More unpaid infant-care leave will be offered to parents working in the public sector from July 2017. This move will help address a “care giving gap”, says Senior Minister of State in the Prime Minister’s Office Josephine Teo last week.
Under a three-year pilot run, public sector officers and their spouses will get an additional four weeks of unpaid infant care leave per parent. This brings the total amount of guaranteed parental leave to six months or 26 weeks per couple, up from 22 weeks, Channel News Asia reports.
During the Committee of Supply debates in Parliament, Mrs. Teo said, “This means that as long as one parent is working in the public service, the couple can have up to 26 weeks of leave, or six months, between them.”
Currently working parents can together enjoy 20 weeks of paid leave after their child is born, and two-weeks of unpaid leave. This consists of 16-weeks paid maternity leave and two weeks of paid paternity leave, a week of paid childcare per parent and a week of unpaid infant care leave per parent.
While infant care centres are able to take in babies from two months old, most parents feel more confident to leave their children in these centres when they are six months old. For these parents, there could then be a gap of around four weeks, Mrs Teo noted.
The public sector will take the lead to close the care giving gap with the additional four weeks of unpaid infant care leave per parent. It is to be taken within the child’s first year. When asked Mrs. Teo why is this additional leave unpaid, she said, “even with paid parental leave, some parents have not been using them in full.”
“Some do not need all the leave provided; others face pressures at work that prevent them from taking more parental leave. Further paid leave does not benefit these parents. Instead, parents want better assurance of workplace support, that they can take all their parental leave provisions if they need them,” she later added.
Hence the main objective of launching this pilot for three-years is to test the general viability of longer parental leave and which would require all supervisors to facilitate such leave. Under this pilot, Mrs Teo assured that, supervisors in the public sector, which includes ministries and statutory boards, will no longer be able to say “maybe yes, maybe no” when employees apply for parental leave.
“The leave provision is gender neutral; both male and female public officers are eligible to apply.
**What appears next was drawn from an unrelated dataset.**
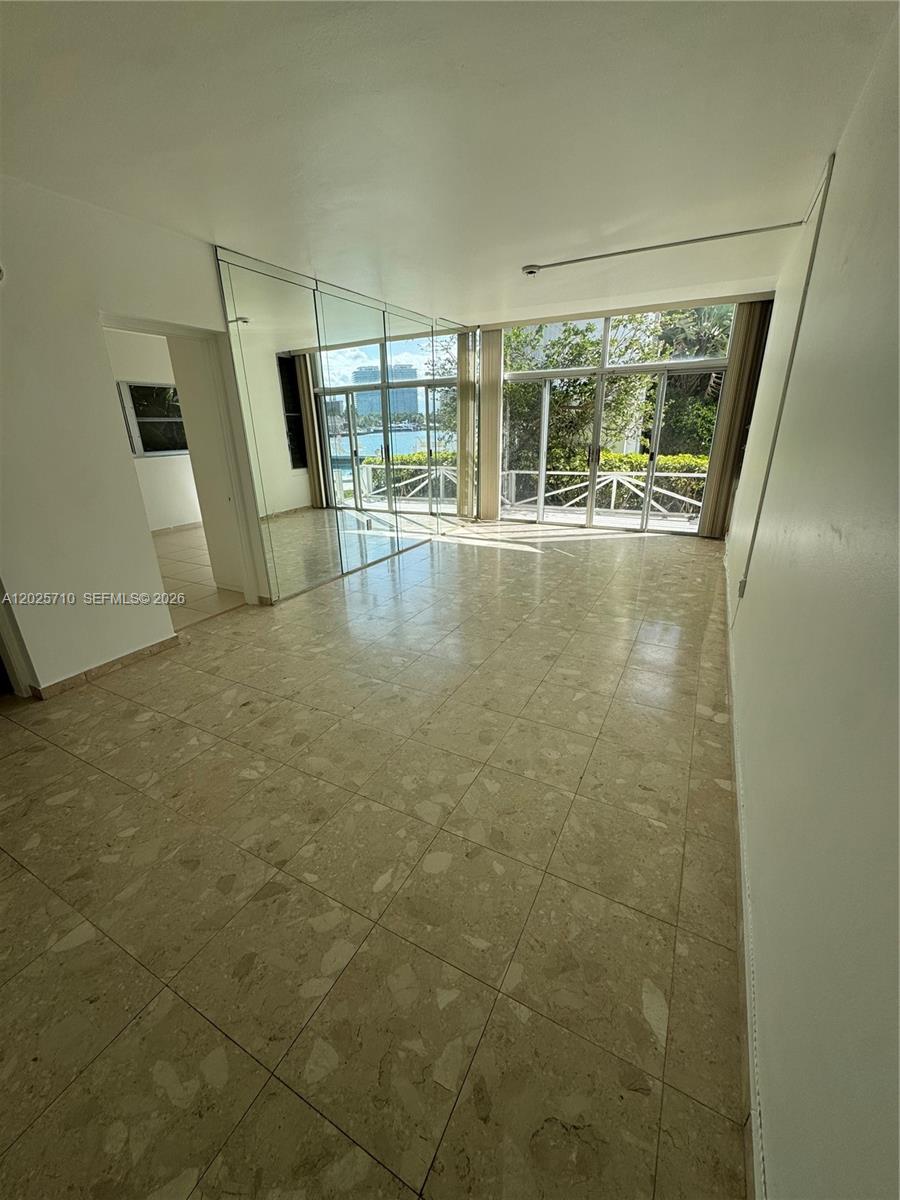 BAY HARBOR BAY FRONT PARADISE! 2 BED / 2 BATH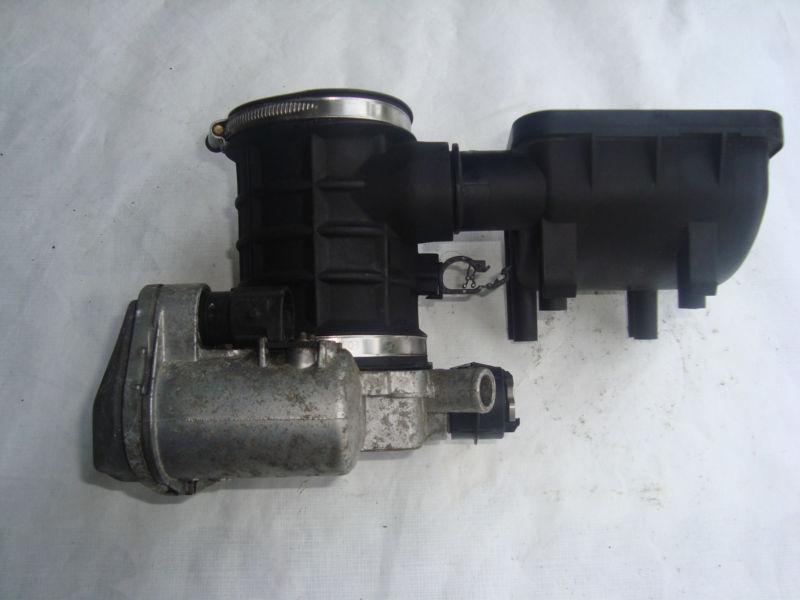 1996-1999 mercedes-benz e320 throttle body with air intake vacuum box damper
As long as they have been given reasonable notice, supervisors will have to accede to all applications for such parental leave and make the necessary work adjustments.”
While extending parental leave can unwittingly be an added source of tension at the workplace, with some employers facing greater difficulty in accommodating staff with childcare needs, while some parents also share of the pushback they experience from co-workers.